Electronic band structure of Cu3Au: An angle-resolved photoemission study along the [111]-direction

High-resolution normal photoemission (ARPE) spectra have been recorded for Cu₃Au(111) with the use of polarized synchrotron and rare-gas resonance radiation in the photon energy range from 9 to 27 eV. It is for the first time that dispersions of the gold-like bands have been found experimentally. Using a fully relativistic layer-KKR photoemission formalism, occupied and unoccupied bands as well as one-step-model photoemission spectra have been calculated. The comparison of calculated spectra with experimental ones and the observation of direct-transition resonances upon photon energy near the Brillouin zone-center reveal a shift of the unoccupied ground-state bands by about +2.5 eV (self-energy shift).
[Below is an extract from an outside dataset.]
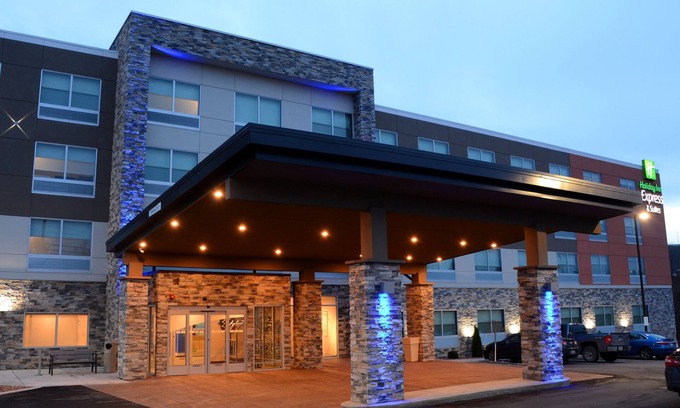 Monroeville Hotel | Holiday Inn Express & Suites Pittsburgh - Monroeville by IHG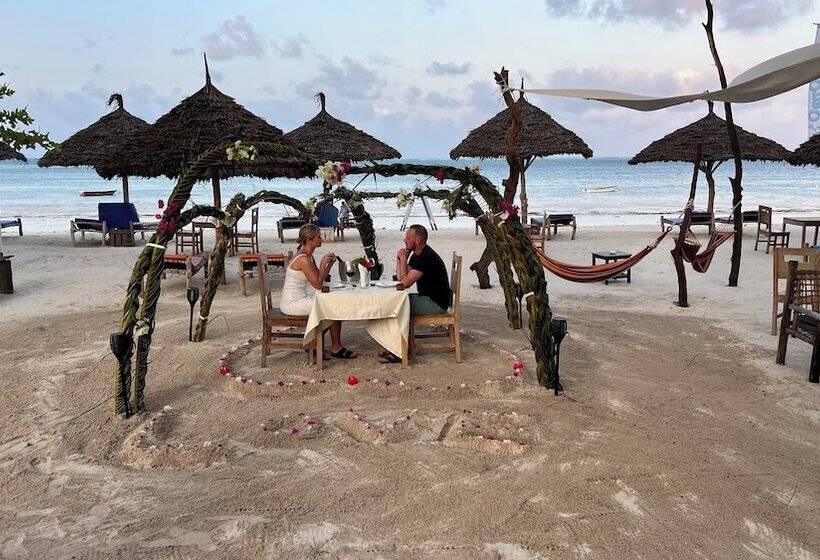 فندق Seashore Beach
The direct-transition structures in the experimental spectra have been exploited to determine the dispersions of the occupied bands along the [111] direction (A line in k space). In order to determine the wave vector of the experimental direct transitions we used as final state that calculated unoccupied band along [111], which also exists in pure copper and gold up to about 20 eV above the Fermi energy (“unfolded” band structure), shifted by + 2.5 eV. The experimental occupied bands with Cu character are in very good agreement with theory after shifting the latter by about 0.3 eV to lower energy, whereas somewhat bigger discrepancies exist for the gold-like bands.